Sonic Cinema

Sounds, Visions and Insights by Brian Skutle

Happy Holidays

Grade : A- Year : 2008 Director : Running Time : Genre :
Movie review score

In a way, it’s fitting that this film is shot in black-and-white. Thematically, it deals with its’ characters worldviews and how they inform the lives and thinking of three friends one holiday season. While the character’s sometimes see their lives in very black-and-white terms, there’s a lot of grey to muck up the works for each of them, a lot like a film shot in black-and-white. I’m not sure that this was a deliberate choice on the part of the filmmakers- who were working on a low-budget and short shooting schedule- but it did make the film perhaps be more contemplative than it might have been otherwise.

Don’t take that last comment as a reason to miss out on this film- which will be hitting online distribution formats this winter- which is a surprising and entertaining holiday entry from co-writer/director James C. Ferguson. In a more opportune time and less competitive movie climate, it might even have an outside shot at an Oscar- just keep listening during the end credits for an original holiday jingle- “Generic Winter Holiday” (written by Ferguson, singer Molly Beck Ferguson, and Zack Hexum)- that’s witty and has all the makings of a holiday classic, even if the film may not.

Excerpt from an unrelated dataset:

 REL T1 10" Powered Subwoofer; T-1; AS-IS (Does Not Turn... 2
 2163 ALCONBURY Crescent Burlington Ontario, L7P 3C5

That’s quite a shame, too (about the film, not the song), because anyone who has a chance to check it out will find some real heart and hearty laughs in the story of Patrick (Paul Hungerford), a small-town business owner in Rhode Island who’s living with his partner Kevin (Bill Daly) in his parent’s old house. Patrick and Kevin are separated this holiday season- Kevin’s gone to visit his sister while Patrick (who’s been stressing out about their relationship recently) has stayed in town to console his friend Alden (John B. Crye), in from out-of-town after his girlfriend- who wanted to get married- broke up with him. While the two are going around town hanging out, they run into an old high school acquaintance named Kirby (Thomas Rhoads), who’s in town for his father’s funeral and not afraid to speak his mind…or hit on the local women despite a wife at home. Together the three travel around town, digging up old memories and arguing with one another that pours salt on fresh emotional wounds in a manner that culminates to a trip to the hospital where all three find some peace of mind, just in time to celebrate Christmas together.

Writing that last sentence, it occurs to me that I’m making this film sound like a sappy piece of Hollywood formula. But while it certainly has it’s moments of sentiment, “Happy Holidays” earns each one while maintaining an irreverent yet respectful tone to each character, the backgrounds that have shaped them, and the situations that have each one unsure of what they want this holiday season. The result is as satisfying as a holiday dinner with the family, even if- for the characters- it can sometimes be as maddening. This is the fourth film I’ve had the pleasure of reviewing through an independent inquiry by the filmmakers- by the end of it, I was thinking that Christmas had come early for me.